Set off by the genuinely appalling theft of a huge anti-abortion sign (one of those signs with gross photos of allegedly abortion-age fetuses) by a feminist Professor at UC Santa Barbara, Freddie deBoer has a pair of posts arguing that the “social justice left” is abandoning free speech.
Although I don’t question Freddie’s report that “it is not at all unusual, for me, to encounter liberals and leftists who [...] do not believe that controversial speech (what they call hate speech) should be legally expressible,” I do wonder if the people Freddie hangs out with are a representative sample of lefties. As Corey Robin points out, if anything today’s left seems less likely to question the legal doctrine of free speech than (say) during the Reagan years, when the MacKinnon/Dworkin anti-porn legislation was a major issue. Where is today’s equivalent of Catherine MacKinnon?

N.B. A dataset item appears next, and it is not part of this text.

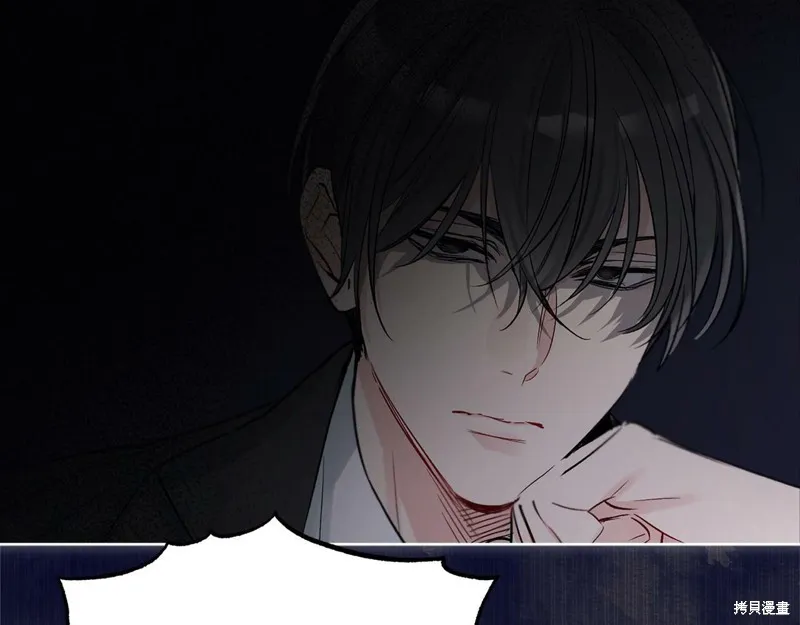 第39话 第108页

Anyway, I’m not posting to argue with Freddie. Rather, I wanted to get down some thoughts about different types of threats to free speech.
First, we have Government Suppression of Free Speech. This includes (but isn’t limited to):
1) When governments directly outlaw certain speech content – for example, the German government outlawing Holocaust Denialism, or the US outlawing cigarette advertising on TV.

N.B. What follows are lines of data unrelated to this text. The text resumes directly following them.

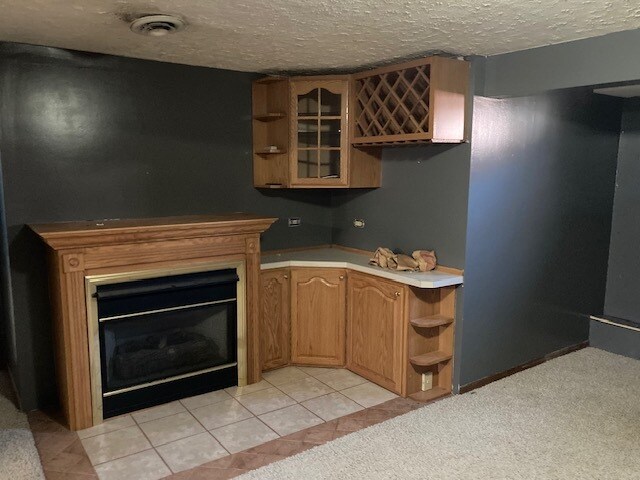 Building Photo - 2203 W Division St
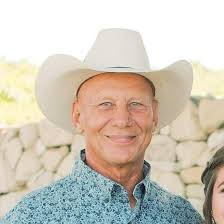 Kevin Greer and Rachel Andrade's Wedding Website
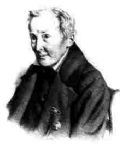 Wilhelm Gottlieb Tilesius von Tilenau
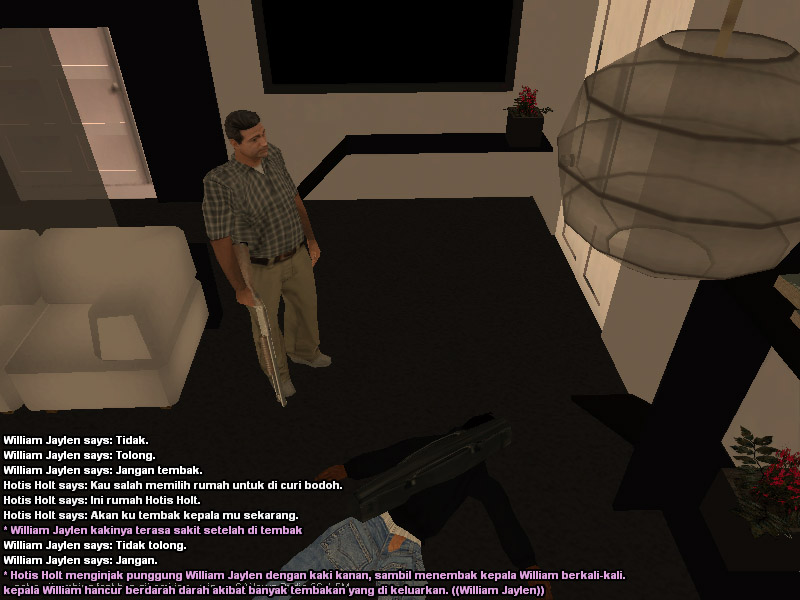 CKed10.jpg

2) The government determining that some public areas are not open to protest, such as “free speech zones.”
3) Copyright laws and trademark laws.
4) The government using the law, or the bureaucracy, to punish people for their speech. Or even just threatening to do so, as Boston Mayor Thomas Menino did when he said “If [Chick-Fil-A] needs licenses in the city, it will be very difficult,” in response to Chick-Fil-A’s owner’s opposition to same-sex marriage. (Menino backed down from his position, thankfully.)

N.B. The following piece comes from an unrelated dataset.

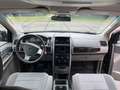 Dodge Grand Caravan 3.8 Automatik  7-Sitzer/LPG-GAS Schwarz - thumbnail 15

5) Laws against libel and slander.
6) Directly shutting down newspapers and other media outlets.
7) Arresting protestors.
It doesn’t take much imagination to imagine contexts for most of those forms of government suppression of free speech that almost anyone who isn’t an anarchist would say is legitimate. We can’t say that it’s always wrong to arrest a protestor; to be able to make that call, we’d want to know the fuller context (what was the protestor actually doing that got her arrested?).
Second, we have Social Suppression of Free Speech. This includes (but isn’t limited to):
1) Social sanctions for stating the “wrong” opinions – or so much fear of social sanctions that speech is “chilled.” When right-wingers complain that for a left-winger to use the term “bigot” or “racist” “shuts down speech,” I think this is what they mean.
2) Economic sanctions for stating the “wrong” opinions. Or, again, so much fear of economic sanctions (such as losing a job) that speech is “chilled.”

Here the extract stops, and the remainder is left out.